### TASK INSTRUCTIONS
Once you reach the line containing "Aceite Aflojatodo Aerosol" in the data below, restate each line word for word up to and including the one containing "Homemade Palmiers Elephant".

------ DATA FOR REVIEW ------

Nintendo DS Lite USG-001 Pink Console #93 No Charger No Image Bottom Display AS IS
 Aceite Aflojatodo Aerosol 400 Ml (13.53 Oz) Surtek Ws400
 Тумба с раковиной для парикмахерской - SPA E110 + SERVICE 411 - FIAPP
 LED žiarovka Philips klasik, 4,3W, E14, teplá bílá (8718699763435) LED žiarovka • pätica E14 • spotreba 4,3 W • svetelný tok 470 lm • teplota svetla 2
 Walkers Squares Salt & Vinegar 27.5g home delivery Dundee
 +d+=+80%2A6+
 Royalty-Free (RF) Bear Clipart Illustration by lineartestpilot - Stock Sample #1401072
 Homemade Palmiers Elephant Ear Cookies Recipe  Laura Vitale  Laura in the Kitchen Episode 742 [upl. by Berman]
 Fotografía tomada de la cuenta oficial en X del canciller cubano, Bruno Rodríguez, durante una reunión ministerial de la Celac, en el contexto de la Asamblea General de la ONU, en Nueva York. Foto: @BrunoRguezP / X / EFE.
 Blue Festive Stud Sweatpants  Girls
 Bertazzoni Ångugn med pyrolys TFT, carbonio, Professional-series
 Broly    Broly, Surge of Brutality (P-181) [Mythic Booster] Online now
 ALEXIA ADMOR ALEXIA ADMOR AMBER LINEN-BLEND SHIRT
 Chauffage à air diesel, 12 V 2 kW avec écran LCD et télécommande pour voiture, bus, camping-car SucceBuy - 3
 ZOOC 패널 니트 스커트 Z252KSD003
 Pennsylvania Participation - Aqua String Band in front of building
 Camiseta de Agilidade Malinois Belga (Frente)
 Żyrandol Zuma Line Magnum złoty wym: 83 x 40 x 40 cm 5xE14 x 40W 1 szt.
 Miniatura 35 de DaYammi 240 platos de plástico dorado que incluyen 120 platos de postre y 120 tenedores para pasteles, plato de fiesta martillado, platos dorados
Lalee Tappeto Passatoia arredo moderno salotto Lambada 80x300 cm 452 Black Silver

------

### EXERCISE SOLUTION
 Aceite Aflojatodo Aerosol 400 Ml (13.53 Oz) Surtek Ws400
 Тумба с раковиной для парикмахерской - SPA E110 + SERVICE 411 - FIAPP
 LED žiarovka Philips klasik, 4,3W, E14, teplá bílá (8718699763435) LED žiarovka • pätica E14 • spotreba 4,3 W • svetelný tok 470 lm • teplota svetla 2
 Walkers Squares Salt & Vinegar 27.5g home delivery Dundee
 +d+=+80%2A6+
 Royalty-Free (RF) Bear Clipart Illustration by lineartestpilot - Stock Sample #1401072
 Homemade Palmiers Elephant Ear Cookies Recipe  Laura Vitale  Laura in the Kitchen Episode 742 [upl. by Berman]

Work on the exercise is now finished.